Mais après plusieurs années d’un calme relatif, les attentats ont repris de plus belle depuis août, menés par les talibans pakistanais du Tehreek-e-Taliban Pakistan (TTP), la branche régionale du groupe Etat islamique (EI-K), ou des groupes séparatistes baloutches, malgré les assurances de Kaboul que le sol afghan ne serait pas utilisé à de telles fins.
Imran Khan a aussi pâti de la dégradation de ses liens avec l’armée, qui était accusée d’avoir interféré en sa faveur pendant l’élection de 2018, même s’il paraît improbable qu’il ait pu se maintenir au pouvoir dimanche sans l’approbation tacite des militaires.

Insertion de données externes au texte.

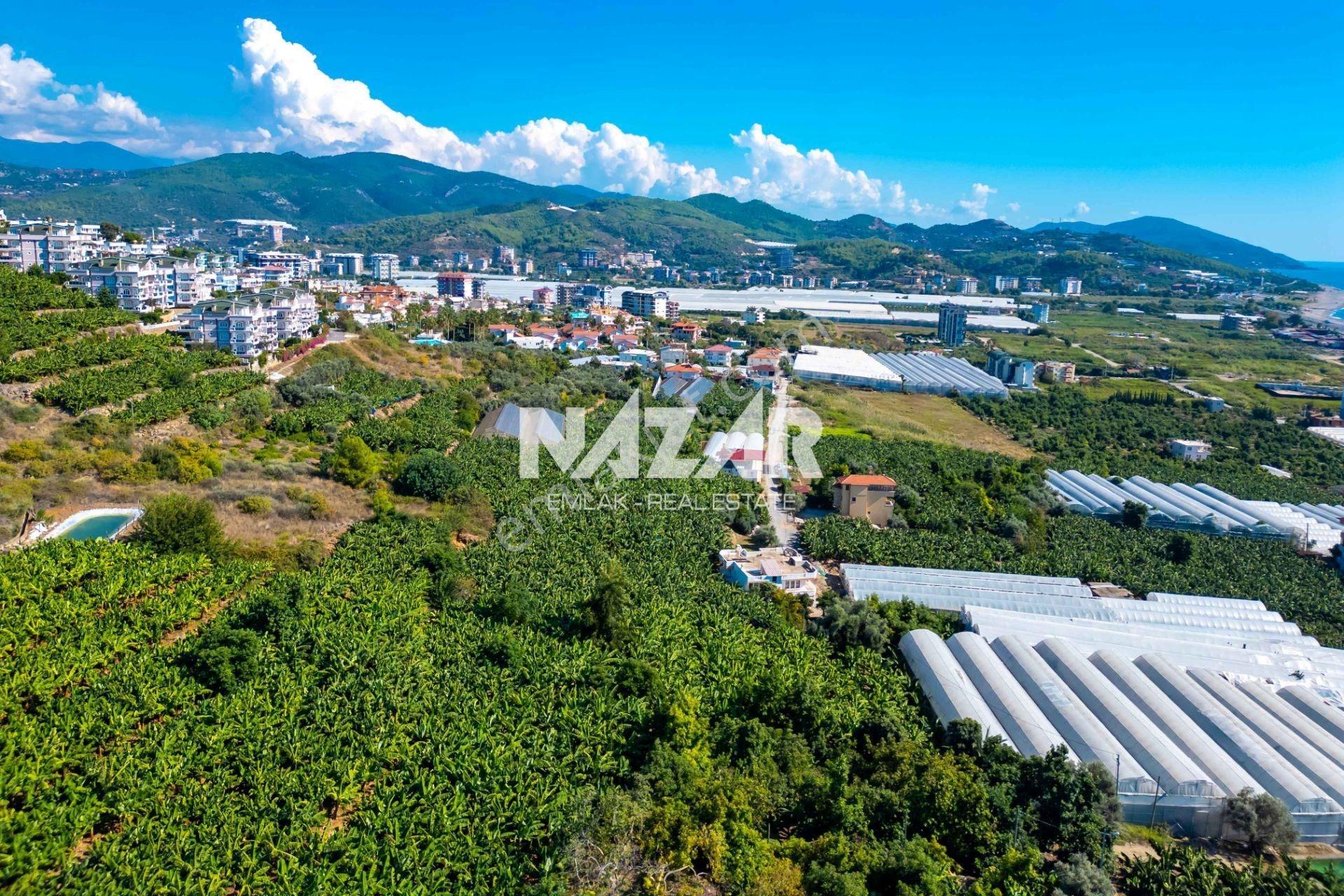Alanya İshaklı’da 1.665 M2 Deniz Manzaralı Tarla — fotoğraf 14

Ses efforts pour positionner le Pakistan en acteur régional incontournable n’ont guère porté non plus. Les liens avec Washington et les pays européens se sont distendus, notamment sous l’effet de ses diatribes contre l’islamophobie, déguisée à ses yeux en Occident sous les traits de la liberté d’expression.
Complaisance envers les radicaux
Islamabad s’est encore plus rapproché de la Chine. Et la visite officielle à Moscou d’Imran Khan le jour même du déclenchement de la guerre en Ukraine lui a valu nombre de moqueries.
Ce fils d’une riche famille de Lahore, diplômé d’Oxford, marié trois fois après avoir entretenu pendant sa carrière sportive une réputation de play-boy habitué aux boîtes de nuit les plus sélect de Londres, s’est aussi vu reprocher sa complaisance envers les religieux radicaux.
Marié en troisièmes noces en 2018 avec Bushra Bibi, issue d’une famille conservatrice et qui porte le voile, et s’affichant souvent le chapelet à la main, il a défendu avec véhémence la controversée loi sur le blasphème.
En novembre, son gouvernement a levé l’interdiction pesant sur le Tehreek-e-Labbaik Pakistan (TLP), décrétée en avril après de violentes manifestations anti-françaises organisées par ce parti islamiste, qui dénonçait le soutien apporté par la France au droit de caricaturer, y compris le prophète Mahomet.
Souvent accusé d’avoir restreint l’espace d’expression de la presse, Imran Khan a aussi suscité l’indignation des organisations féministes en établissant plusieurs fois un lien entre le viol et la manière de s’habiller des femmes, dans un pays où les violences sexuelles sont courantes.